La TLPE n’est donc pas due pour l’année 2023.
Pour ce qui concerne l’enseigne désignée « Écran droit sous marquise » (objet n° 37), elle comporte la mention « CINEMA », avec une flèche directionnelle, mais les parties s’opposent quant à la taxation de cet élément.
L’article L. 2333-7 du CGCT susvisé exonère de la TLPE les supports exclusivement dédiés à l’affichage de publicités à visée non commerciale ou concernant des spectacles mais soumet à taxation les enseignes.
Or, la mention « CINEMA » ne donne aucune indication sur la nature des spectacles, n’informant le public que sur l’activité exercée, la flèche directionnelle pointant vers l’entrée du complexe de cinéma. Elle constitue donc une enseigne et non une publicité visant un spectacle spécifique.
Cet objet est donc taxable de sorte que la contestation formée par la société PATHE WEPLER IMMOBILIER sur ce point sera rejetée.
Enfin, concernant l’objet n° 38 « 1 SALLE 4DX CINEMA + 11 SALLES », la demanderesse ne conteste pas que cet élément apposé sur le côté gauche de l’immeuble n’a fait l’objet d’aucune déclaration de suppression pour l’année 2023.
Dans le cadre de la présente instance, elle ne produit pas de pièces probantes à l’appui de sa contestation, le cliché photographique directement inséré en page 8 de ses conclusions, à supposer qu’il soit daté du mois de février 2023, n’établissant pas l’affichage de publicité de spectacles pour toute l’année 2023.
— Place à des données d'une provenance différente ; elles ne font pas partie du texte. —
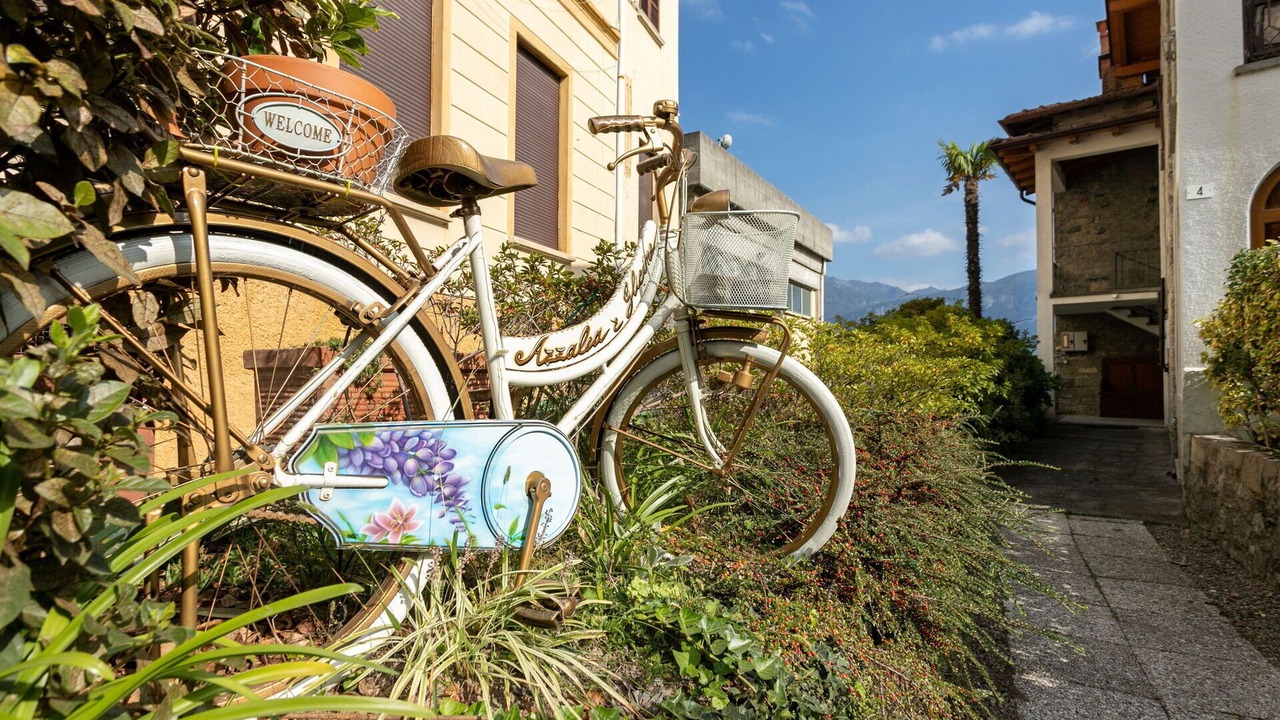 Photo of Outdoor in Cadenabbia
Cette contestation sera donc rejetée.
Sur les autres demandes :
L’équité commande de ne pas prononcer de condamnation au titre des frais irrépétibles.
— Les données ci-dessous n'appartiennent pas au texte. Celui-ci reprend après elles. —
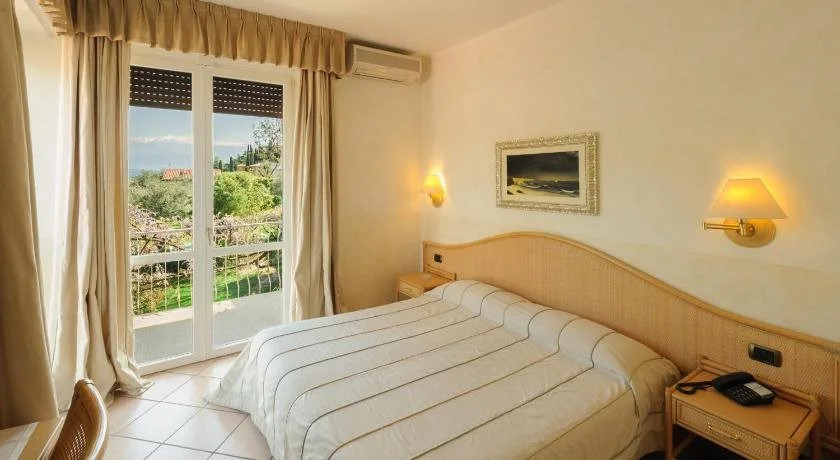 Hotel Garden Zorzi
Il n’y a pas lieu d’ordonner l’exécution provisoire, qui est de droit.
PAR CES MOTIFS
Le tribunal, statuant publiquement, par jugement contradictoire, en premier ressort, par mise à disposition au greffe,
ANNULE la décision des services de l’urbanisme de la Ville de [Localité 6] du 8 juin 2023, en ce qu’elle a rejeté la demande d’exonération de l’objet n° 31 dénommé « Écran LED », à la taxe locale sur la publicité extérieure pour l’année 2023 ;
DÉBOUTE la SAS PATHE WEPLER IMMOBILIER du surplus de ses contestations ;
CONDAMNE la SAS PATHE WEPLER IMMOBILIER aux dépens ;
DIT n’y avoir lieu à condamnation au titre de l’article 700 du code de procédure civile.